Luby Publishing's offices have been in the 100-plus-year-old People's Gas building in downtown Chicago since late 1997. A few months ago the landlord asked us to relocate to a different floor because they needed to demolish a few floors of the building… one being the floor we'd been on for 14 years.

You can only imagine how much stuff I'd accumulated during that span. I actually took a course in journalism school on how to maintain an office like Oscar Madison's in "The Odd Couple." My professor would have been proud! Books, photos, magazine issues, board packets, audio tapes and spiral notebooks. Tons and tons of spiral notebooks.

It took a solid three days and numerous dumpsters to whittle the contents of my office down to a pile that would fit in my slightly smaller new office.

Of course, the task could have been accomplished in a day had I not stopped to read all of the notebooks, sigh at the old photos and fumble through all the drawers of lapel pins and knickknacks I'd accumulated over the years.

Sure, a lot of it was useless junk. But, boy, were there some treasures.

The notebooks themselves told the story of the sport and industry over the last 15 years and beyond. From notes taken at industry functions like the Billiard Congress of America Trade Show and board meetings, to interviews from the early days of the Mosconi Cup and World 9-Ball Championships, the notebooks offer snippets of how different the sport and industry was 15 years ago, and yet how little things have changed.

The notebooks also jogged my memory about a number of then-important issues that promised to shape the sport, which instead are distant memories.

My favorites?

Reams of notes, court documents and depositions from the famous Professional Billiard Tour v. RJ Reynolds Tobacco Co. lawsuit, along with 45 pages of transcripts from an interview with then PBT czar Don Mackey. He was one of the great orators of our day!

Equally entertaining, notes and board minutes pertaining to the BCA's ill-fated attempt to change its bylaws and structure to gain membership in the United States Olympic Committee. The idea was eventually dismissed, the association sold off its highly successful league system, and the BCA opted to become solely a trade association. It remains one of the single worst series of decisions the association has made in its 50-plus year history.

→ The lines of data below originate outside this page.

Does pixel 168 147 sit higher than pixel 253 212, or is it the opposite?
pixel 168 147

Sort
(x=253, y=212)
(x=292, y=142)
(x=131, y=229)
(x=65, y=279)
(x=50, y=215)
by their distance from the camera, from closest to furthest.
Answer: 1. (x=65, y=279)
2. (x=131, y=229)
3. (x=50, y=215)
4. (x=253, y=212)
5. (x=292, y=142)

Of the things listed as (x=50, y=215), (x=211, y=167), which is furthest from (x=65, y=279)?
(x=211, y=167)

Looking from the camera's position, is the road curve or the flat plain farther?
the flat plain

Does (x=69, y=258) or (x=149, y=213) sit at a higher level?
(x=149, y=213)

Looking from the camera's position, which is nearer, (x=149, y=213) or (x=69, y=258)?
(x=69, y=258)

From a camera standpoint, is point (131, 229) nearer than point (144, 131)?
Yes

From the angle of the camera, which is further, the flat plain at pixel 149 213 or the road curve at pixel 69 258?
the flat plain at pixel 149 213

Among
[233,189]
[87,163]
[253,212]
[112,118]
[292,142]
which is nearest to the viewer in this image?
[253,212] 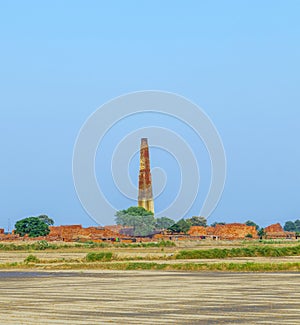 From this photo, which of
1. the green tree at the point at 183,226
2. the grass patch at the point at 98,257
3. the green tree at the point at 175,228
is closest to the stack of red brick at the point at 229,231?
the green tree at the point at 183,226

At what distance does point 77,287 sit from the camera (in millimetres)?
36719

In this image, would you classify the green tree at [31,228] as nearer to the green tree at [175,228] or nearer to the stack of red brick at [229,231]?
the green tree at [175,228]

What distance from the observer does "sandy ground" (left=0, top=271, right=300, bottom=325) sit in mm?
24047

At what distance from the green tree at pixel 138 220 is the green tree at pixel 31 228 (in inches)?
569

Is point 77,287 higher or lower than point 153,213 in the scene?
lower

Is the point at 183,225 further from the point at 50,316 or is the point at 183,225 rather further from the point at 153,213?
the point at 50,316

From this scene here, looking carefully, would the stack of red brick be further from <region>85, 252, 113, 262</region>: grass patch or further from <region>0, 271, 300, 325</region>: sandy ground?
<region>0, 271, 300, 325</region>: sandy ground

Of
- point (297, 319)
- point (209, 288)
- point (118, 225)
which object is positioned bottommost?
point (297, 319)

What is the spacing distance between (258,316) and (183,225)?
512ft

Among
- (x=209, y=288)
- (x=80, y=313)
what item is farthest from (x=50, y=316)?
(x=209, y=288)

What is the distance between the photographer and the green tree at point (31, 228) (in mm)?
163625

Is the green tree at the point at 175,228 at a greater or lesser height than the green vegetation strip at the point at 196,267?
greater

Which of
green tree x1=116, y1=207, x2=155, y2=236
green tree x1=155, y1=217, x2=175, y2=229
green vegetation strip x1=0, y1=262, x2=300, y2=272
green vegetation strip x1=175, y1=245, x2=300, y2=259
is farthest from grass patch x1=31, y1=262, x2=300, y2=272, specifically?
green tree x1=155, y1=217, x2=175, y2=229

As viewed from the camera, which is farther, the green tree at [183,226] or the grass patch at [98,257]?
the green tree at [183,226] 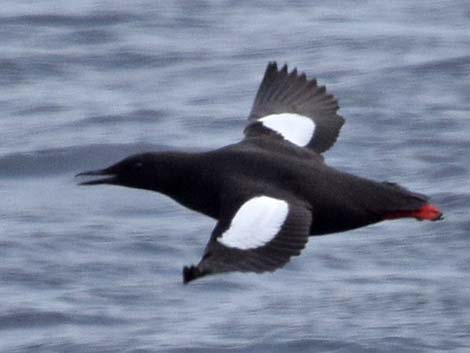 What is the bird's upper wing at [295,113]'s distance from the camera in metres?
7.75

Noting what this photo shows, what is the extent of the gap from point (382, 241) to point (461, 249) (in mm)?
385

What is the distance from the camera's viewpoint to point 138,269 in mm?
9758

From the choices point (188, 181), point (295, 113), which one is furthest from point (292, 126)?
point (188, 181)

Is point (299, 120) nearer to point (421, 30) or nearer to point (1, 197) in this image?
point (1, 197)

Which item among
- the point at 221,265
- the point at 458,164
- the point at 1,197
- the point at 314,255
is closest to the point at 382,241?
the point at 314,255

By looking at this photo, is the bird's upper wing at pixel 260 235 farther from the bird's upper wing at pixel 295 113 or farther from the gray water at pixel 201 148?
the gray water at pixel 201 148

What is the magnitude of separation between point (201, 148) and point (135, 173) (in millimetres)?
3971

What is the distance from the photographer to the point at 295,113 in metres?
8.04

On the bright side, my office cleansing produced some wonderful memories. I'd almost tossed a poster I picked up at the 1983 Legendary Pocket Billiards Stars Tournament in Atlantic City. The poster is signed by all seven participants — Willie Mosconi, Minnesota Fats, Irving Crane, Luther Lassiter, U.J. Puckett, "Cowboy" Jimmy Moore and Jimmy Caras. I consider getting Fats to sign that poster with a Sharpie instead of his trademark ink stamp a major coup. I distinctly remember Fatty pulling that stamp out of his pocket and me, just 25 and still an industry newbie, having the nerve to say, "No way, Fats. You're signing this poster in ink!" He grumbled a bit, but acquiesced.

And photos? Great photos! Me and Fats in the living room of his Dowell, Ill., ranch. And me with Allison Fisher and Gerda Hofstatter after the famous "flash" incident of 1998.

I suppose I should clean my office more often. Stuff does tend to pile up. But I have to admit, it just seems more meaningful to do it once every 15 years or so!